Andy Stott è un produttore che non puoi confondere con nessun altro. Ha diversi volti, ma che si tratti del suo lato più contemplativo o di quello più danzereccio, ha sempre tirato fuori dei grandi album, creando uno stile inconfondibile. E, soprattutto, è riuscito a non rimanere intrappolato nel vicolo cieco del genere o nella monotonia.

I suoi album sono diversi l’uno dall’altro, ma mantengono uniformità e coerenza come se facessero parte di un’unica realtà e danno l’impressione che con la sua musica sia in grado di spostarsi di qua e di là senza particolari sforzi e senza stufare. Questo è il suo territorio e nessuno meglio di lui ci si saprebbe muovere. Eppure, dopo un decennio esistono ancora tantissimi angoli inesplorati ed è in questo contesto e nella ricerca delle zone nascoste di questa sua realtà che arriva Never The Right Time, il nuovo album di Andy Stott.

In Never the Right Time si sentono immediatamente dinamiche nuove che si intrecciano con un superficiale ritorno al passato, ma questa nostalgia è più apparente che reale. Le atmosfere che avvolgono il disco sono sicuramente più vicine a Faith in Strangers e Luxury Problems (vedi, l’assonanza tra Faith In Strangers e The Beginning – che sembrano una l’evoluzione dell’altra), tuttavia, i tratti di novità superano quelli consuetudinari.

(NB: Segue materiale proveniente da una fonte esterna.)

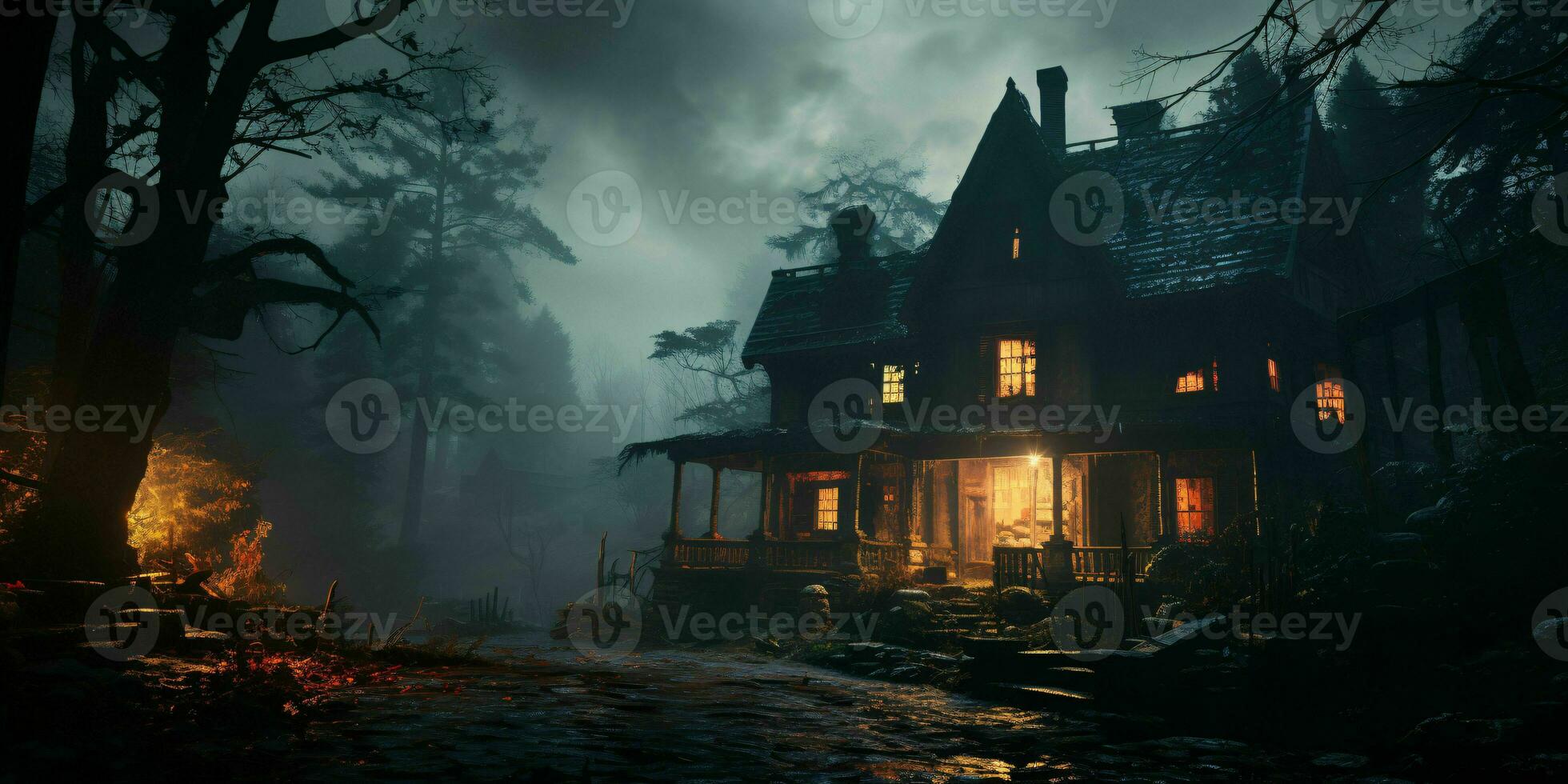 AI generated Scary House in the Forest with Spooky Trees. Horror Background. Generative AI photo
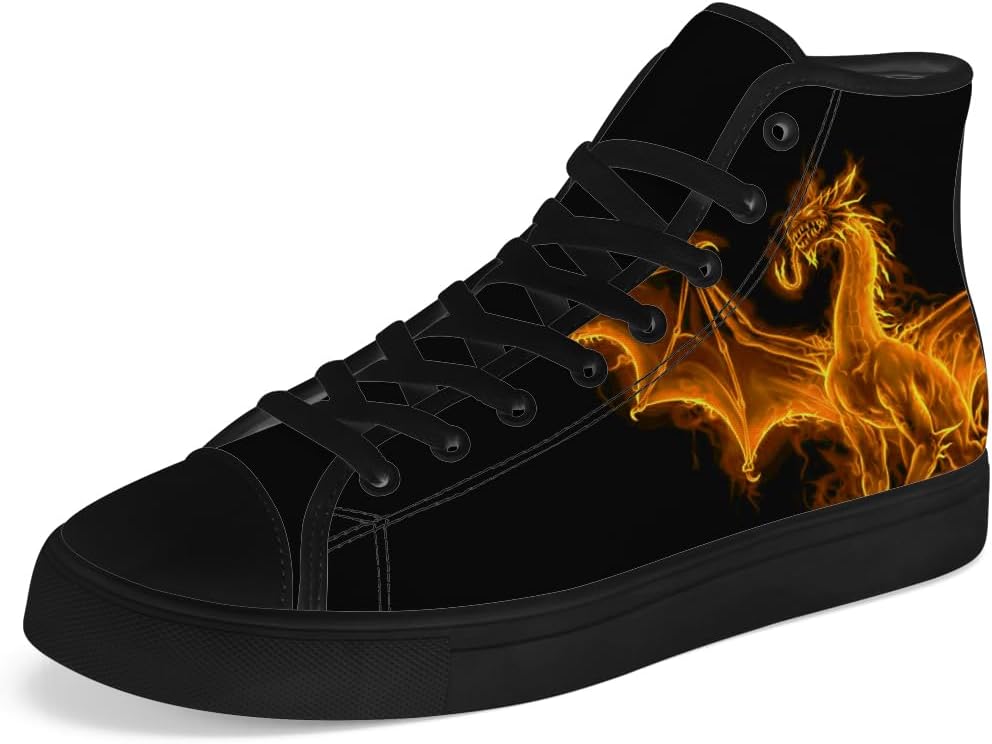 

Высокие кеды с канвой Dragon для мужчин и женщин, повседневные кроссовки на шнуровке Chebing, оранжевый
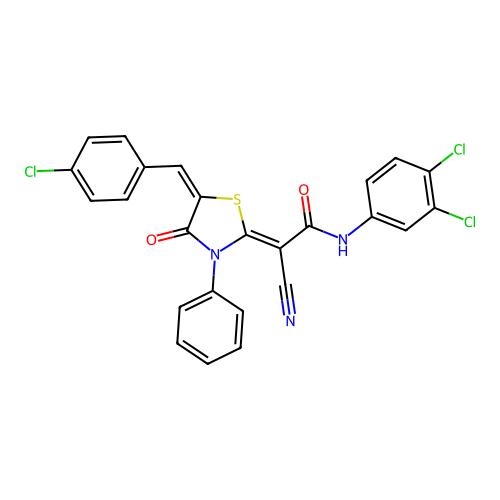 (2Z)-2-[(5E)-5-(4-chlorobenzylidene)-4-oxo-3-phenyl-1,3-thiazolidin-2-ylidene]-2-cyano-N-(3,4-dichlorophenyl)ethanamide structure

Un ruolo decisivo in questa sintonia tra quei dischi là e questo, lo svolge la voce familiare di Alison Skidmore che con Andy Stott lavora ad intermittenza dai tempi di Luxury Problems e che si era presa una mezza pausa, anche perché con quella roba dell’oltretomba, frammentata e a bassissimi bpm che abbiamo sentito in It Should Be Us non c’entrava nulla. E invece in questo nuovo lavoro c’entra un casino: il suo è il tocco umano in mezzo ai sequencer. La sua presenza, in cinque tracce delle nove totali, fluttua nel grigiume tipico di Stott e si abbina perfettamente ai toni ed alle scelte più mentali del disco. Il livello di produzione è infatti perfetto per far risaltare la profondità emotiva della parte vocale e della chimica che c’è tra i due.

E ancora più che nel passato, la profondità della voce di Alison si muove in ogni direzione con echi e riverberi, riuscendo a raggiungere tutte le dimensioni, anche quelle più oniriche e surreali del disco, come Away Not Gone o Hard To Tell che arriva quasi a toccare i Cocteau Twins di Treasure. Questa dimensione sogno-realtà dai contorni sfumati raggiunge l’apice, poi, in passaggi del disco come Dove Stone che sembra uscito dalla testa di Angelo Badalamenti nella OST di Twin Peaks, mentre risuona Laura Palmer’s Theme, anche se il contesto è ancora più marcio.

In mezzo alla roba sofisticata ci sono anche un paio di missili in stile stottiano, tra incubi e bassi giganti (ma non così giganti) che quando arrivano fanno casino, ma neanche troppo: quelli come Answers col cassone hardcore distortissimo e destrutturato come in Arca o quelli come Repetitive Strain, inizialmente senza ritmo, ma poi gli hi-hat iniziano a saltare ovunque e parte il treno. Tuttavia, la parte più spinta del disco è forse quella più debole, specie se paragonata alle mine di un tempo tipo New Romantic, Violence o Hatch The Plan.

Con il suo nuovo album Andy Stott mostra un altro dei suoi mille volti, meno carico di potenza, ma molto più ricco di emotività e profondità. Never The Right Time è un disco che non aggiunge granché alla sua discografia, piuttosto, alla sua audacia e alla sua voglia di spingersi oltre i confini del mondo che si è creato. Un mondo ambiguo in cui le ballerine non ballano e chi si tuffa è fermo: dalla finestra di casa sembra immobile, ma osservandolo da vicino è un’onda pronta a travolgere tutto.